Nach nur einer Nacht im Iran waren wir uns schon nicht mehr sicher, wie viele weitere wir hier eigentlich noch verbringen wollen. Der erste Eindruck saß tief und ungemütlich. Erst das Visachaos und die Unsicherheit, ob man uns überhaupt ins Land lassen würde. Dann das Dilemma um die Landeswährung und um die Frage, wem wir eigentlich vertrauen sollten, wenn es um den “richtigen” Wechselkurs ging. Und zusätzlich war da noch die gesetzlich vorgeschriebene Kleiderordnung, die besonders Danie zu schaffen machte: Mit Kopftuch und vollständig bedeckten Beinen und Armen schleppte sie sich durch die brütende Hitze Teherans.
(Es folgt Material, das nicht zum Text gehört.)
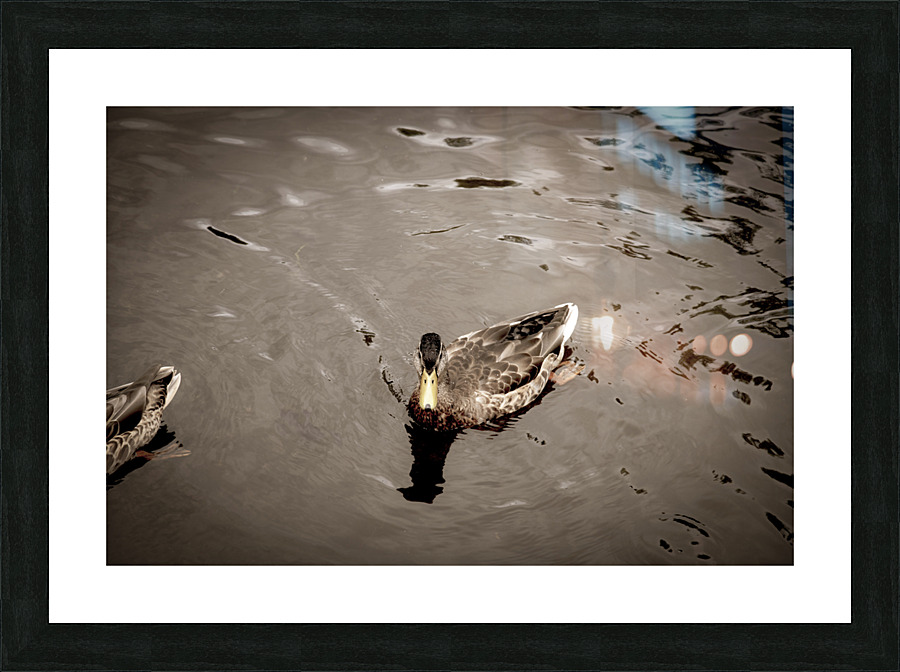 Canard style sepia Picture Frame print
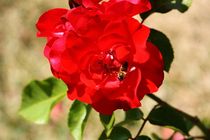 Die Biene auf Nektarsuche in der Rose von ann-foto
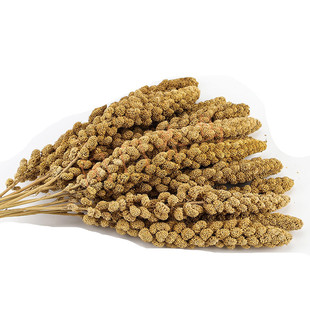 小型鸟鹦鹉零食 仓鼠粮 天然谷穗 仓鼠谷穗/鸟零食10根（25厘米）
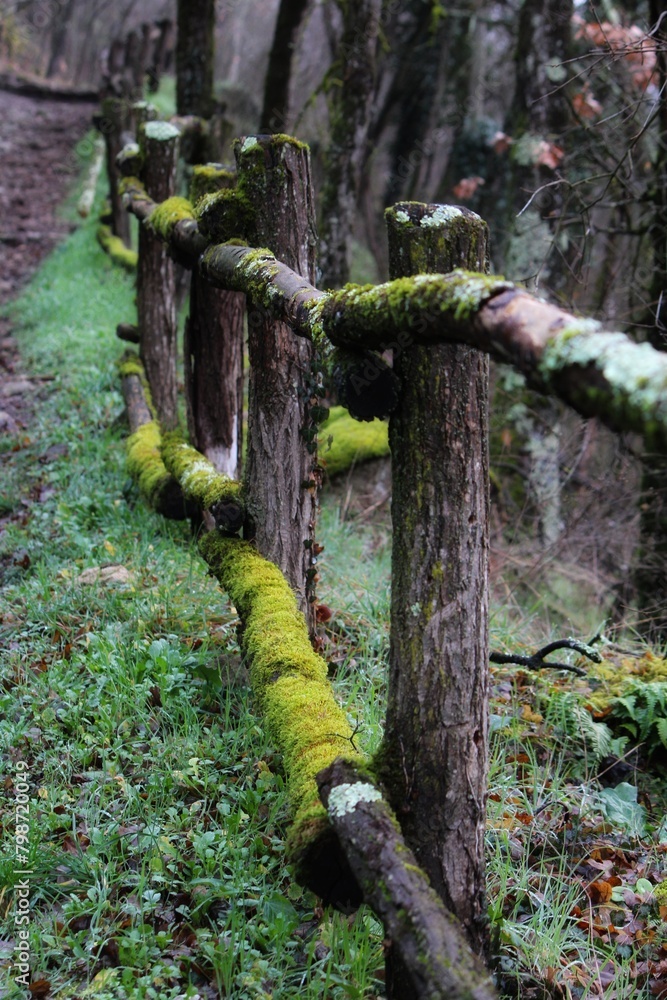 clôture, chemin, verdure, mousse, nature, forêt, arbre, bois, vieux, paysage, branchages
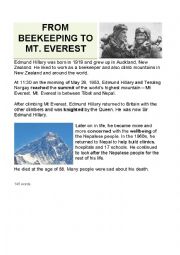 English Worksheet: Sir Edmund Hillary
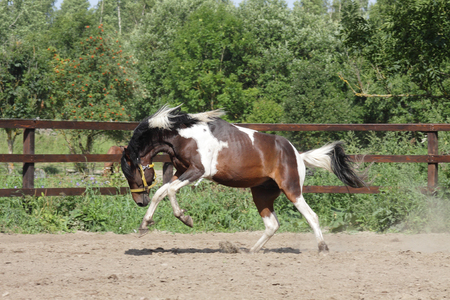 Paint stallion running in paddockの写真素材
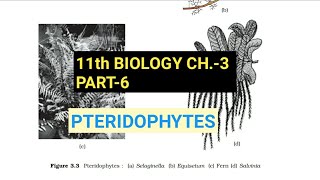 Class 11 BiologyCh3 Part6PteridophytesStudy with Farru [upl. by Pauli]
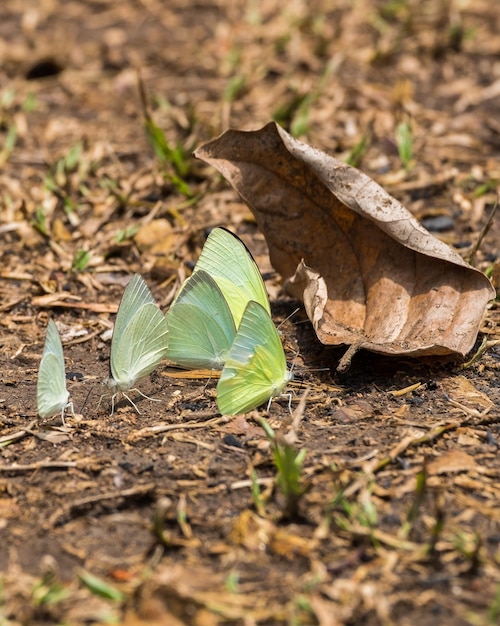 Butterfly group white green yellow on leaves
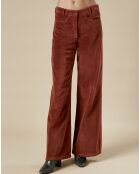 Pantalon en Velours Platine cacao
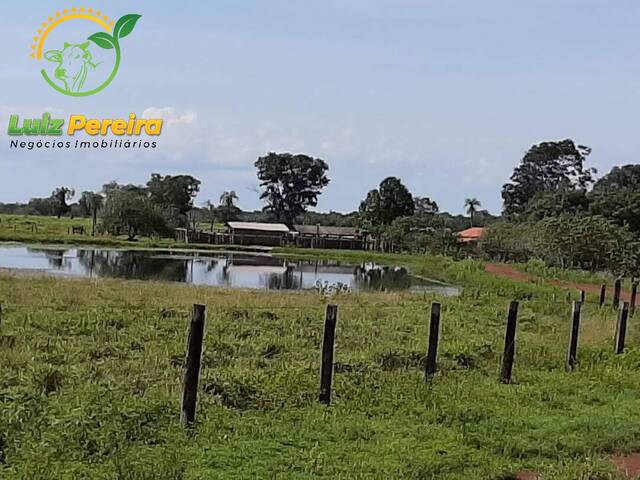 #1418 - Fazenda para Venda em Abreulândia - TO - 1
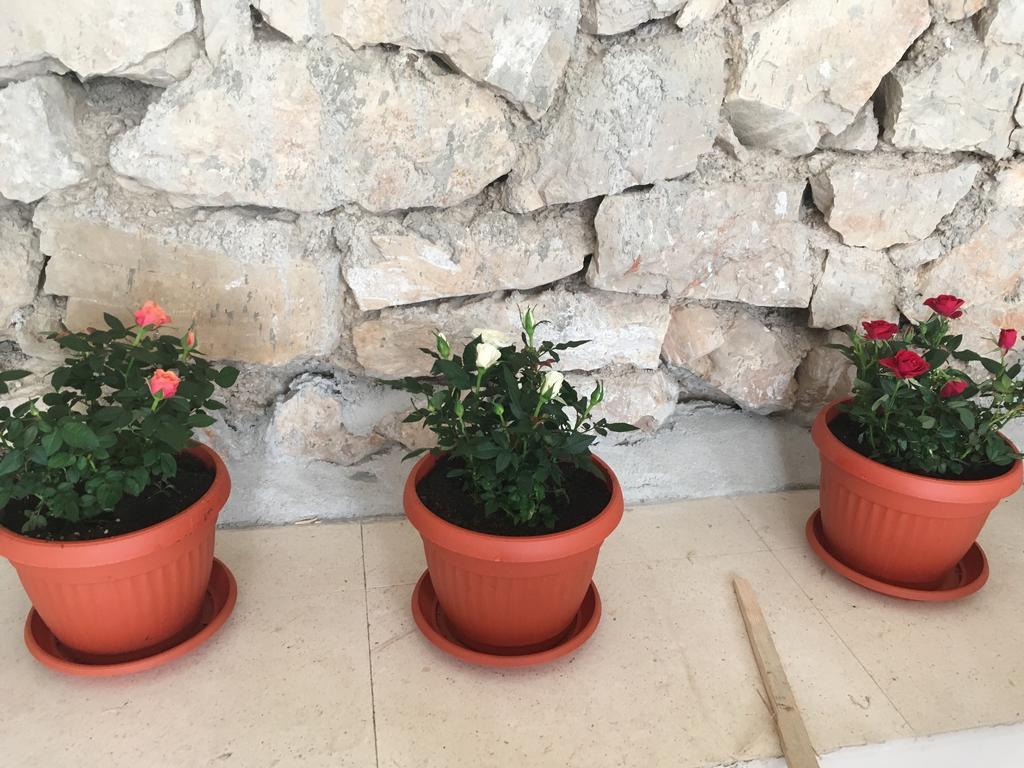 Apartments Petra Tribunj  Ngoại thất bức ảnh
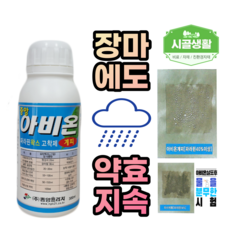 고착제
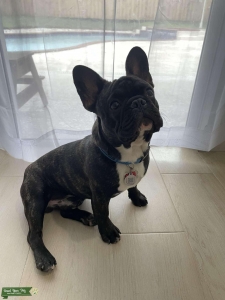 Brindle French Bulldog Listing Image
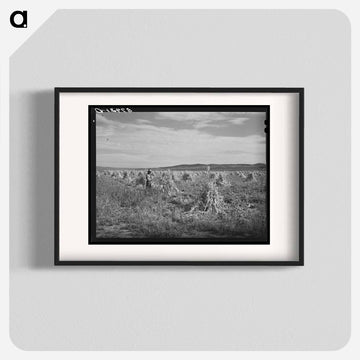 Cornfield, Concho, Arizona
 - ラッセル リー Poster.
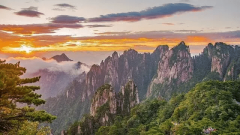 适配人群：最适合逃求数据驱动、情愿投入时间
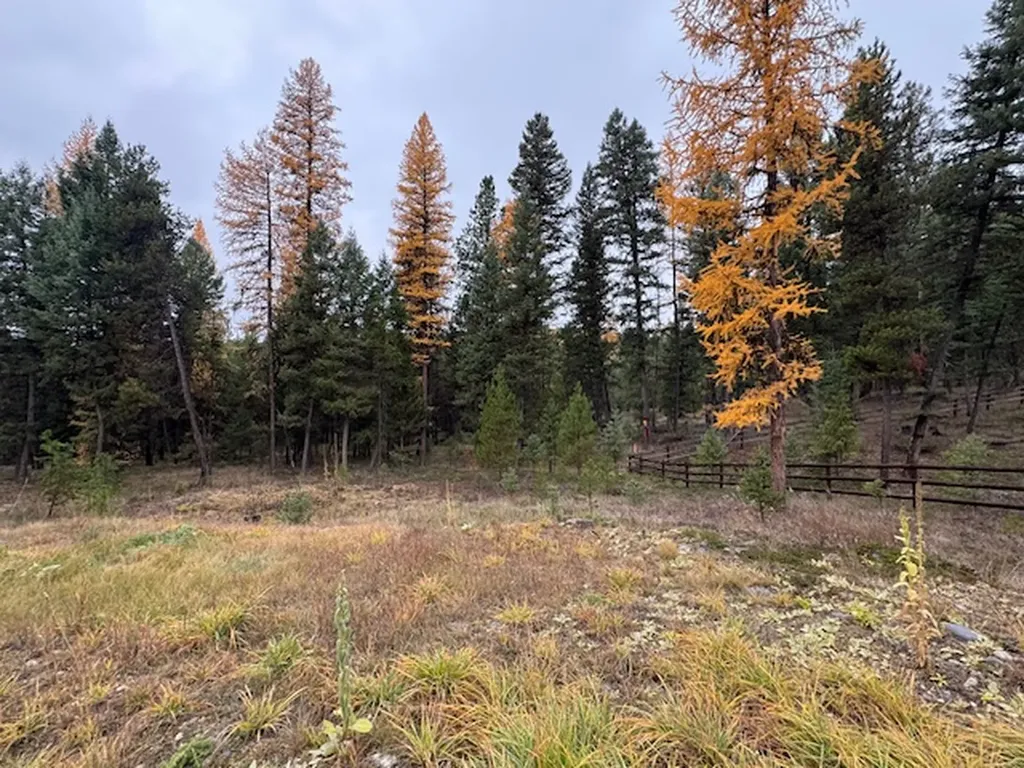 Nhn Glen Lake Road Eureka MT 59917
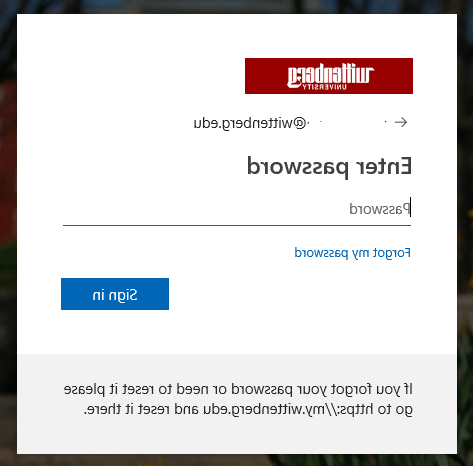 Microsoft Portal Password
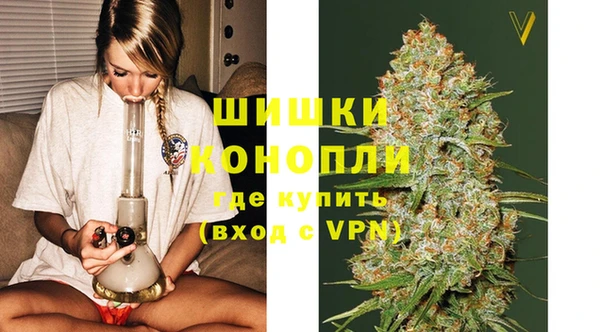 стаф Дмитров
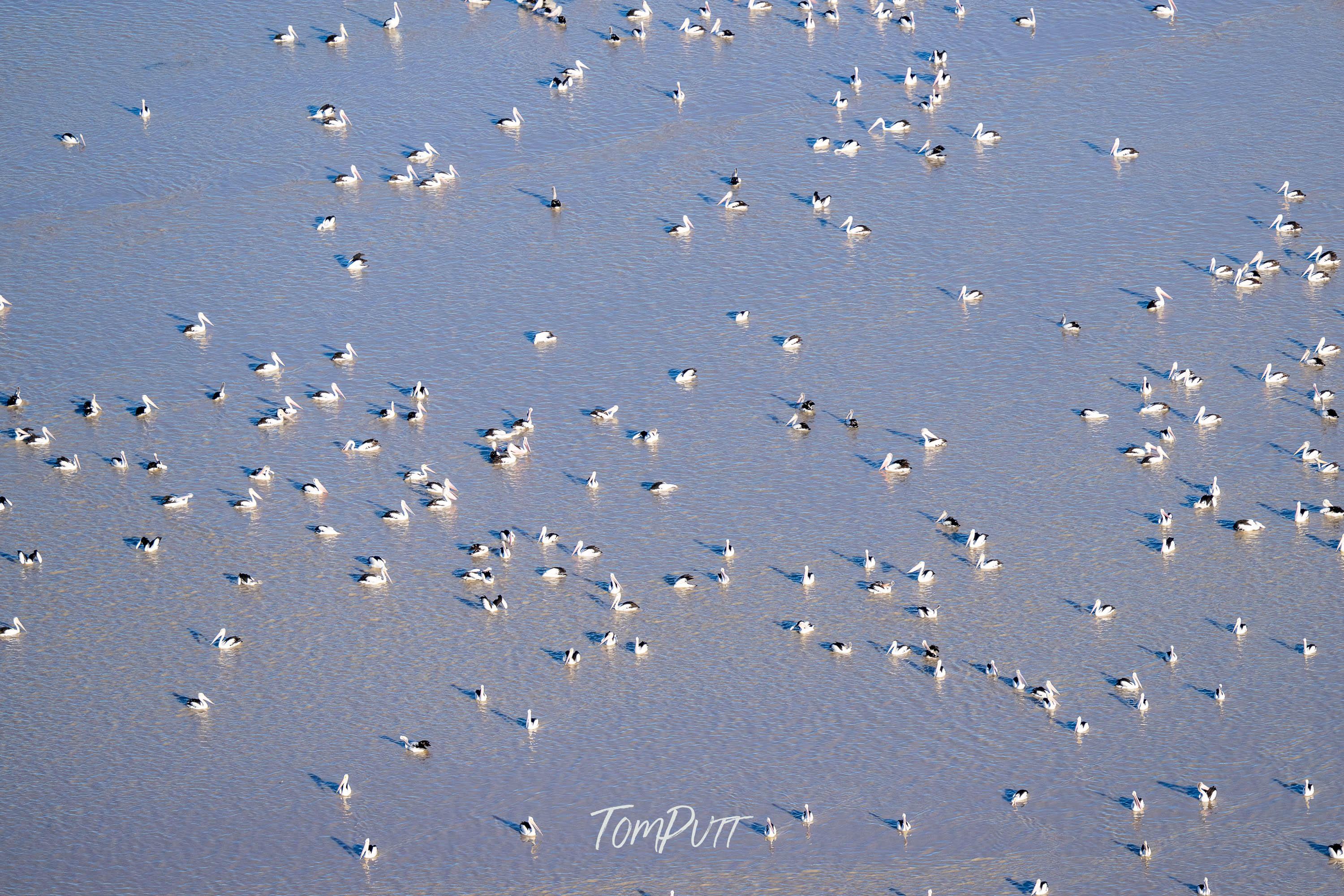 A Time of Rest, Lake Eyre, SA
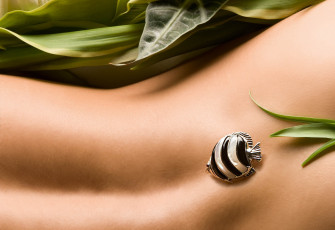 Картинка разное украшения аксессуары веера спина рыба брошь листья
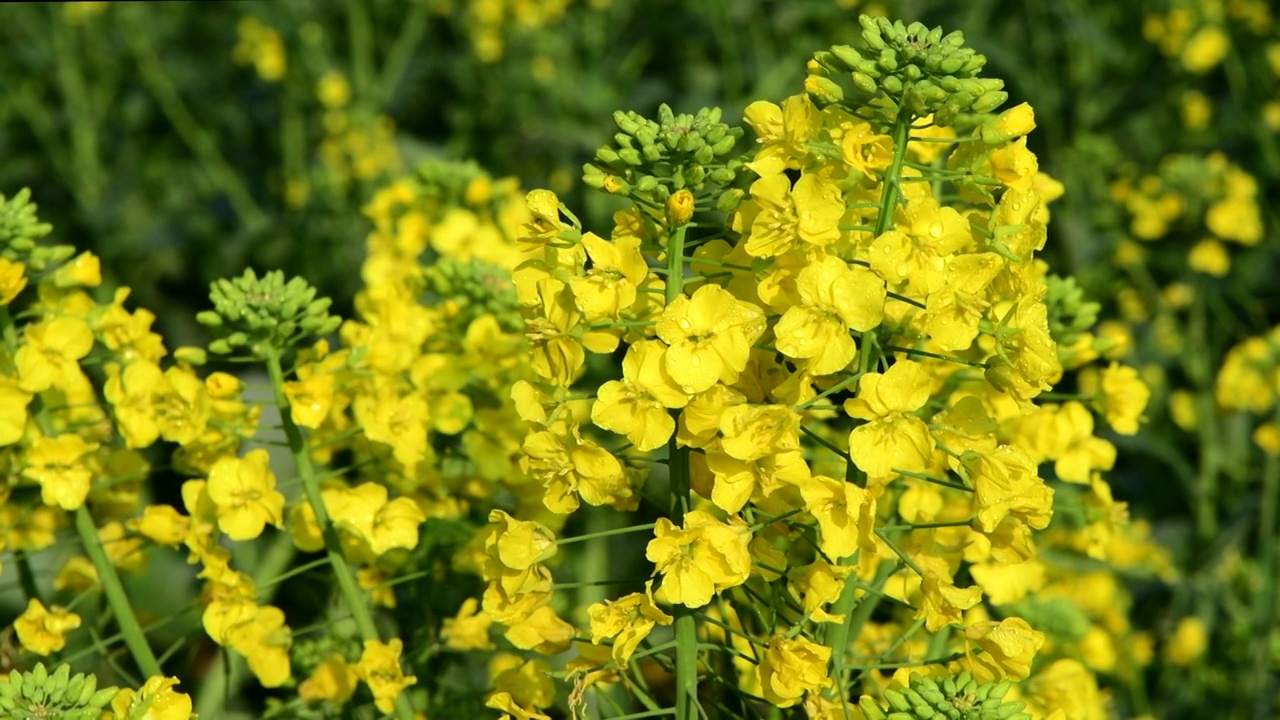 油菜花视频素材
Der Außenpool im ersten Hotel war für Frauen natürlich verboten, verhüllt Joggen gehen undenkbar. Auf dem Weg durch die Stadt reflektierten wir unsere Lage. Wir hatten die Wahl: Wollten wir uns unserem ersten Eindruck hingeben und uns weiter unwohl fühlen? Oder sollten wir unsere Vorurteile und unsere Skepsis beiseiteschieben und uns und dem Iran eine zweite Chance geben? Wir fühlten uns an unsere Zeit in Johannesburg/Südafrika vor 6 Jahren erinnert. Damals stürzte sich bei unserer Ankunft eine Horde umsatzgetriebener Taxifahrer auf uns und trieb uns so schnell aus der gegenseitigen Sichtweite, dass wir nur mühevoll wieder zueinander fanden. Der Schreck saß tief und unser Vertrauen in die Landsleute war dahin. Keine 4 Wochen später, als wir unseren Rückflug am gleichen Flughafen antraten, war nichts von dieser anfänglichen Skepsis übrig. In der Zwischenzeit hatten wir gelernt, wie liebenswert und vertrauenswürdig die Landsleute waren und dass Taxifahrer keine Gefahrenquelle darstellten; vor allem aber, wie sehr unsere skeptische Grundeinstellung die eigene Wahrnehmung beeinflusst hat. So sehr wir auch versucht hatten, uns von Vorurteilen zu befreien, waren es genau diese, die uns das ungewohnte Taxifahrer-Verhalten als deutlich bedrohlicher wahrnahmen ließen, als es vermutlich war. Dank solcher Erfahrungen entschieden wir uns nun, 6 Jahre später in Teheran, das Unwohlsein sein zu lassen und unsere Reise in den Iran von vorn zu beginnen. Mit Erfolg!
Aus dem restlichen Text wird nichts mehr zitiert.